▸ EXERCISE GOAL
How many lines of the entries below include the word "image"? Answer with the number alone.

▸ LISTED RECORDS
************

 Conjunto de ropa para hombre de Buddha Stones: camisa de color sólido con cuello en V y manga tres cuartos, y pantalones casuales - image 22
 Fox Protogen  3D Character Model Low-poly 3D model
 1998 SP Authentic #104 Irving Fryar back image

************

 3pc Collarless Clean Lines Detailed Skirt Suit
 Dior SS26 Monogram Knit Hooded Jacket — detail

************

▸ SOLUTION TO THIS EXERCISE
2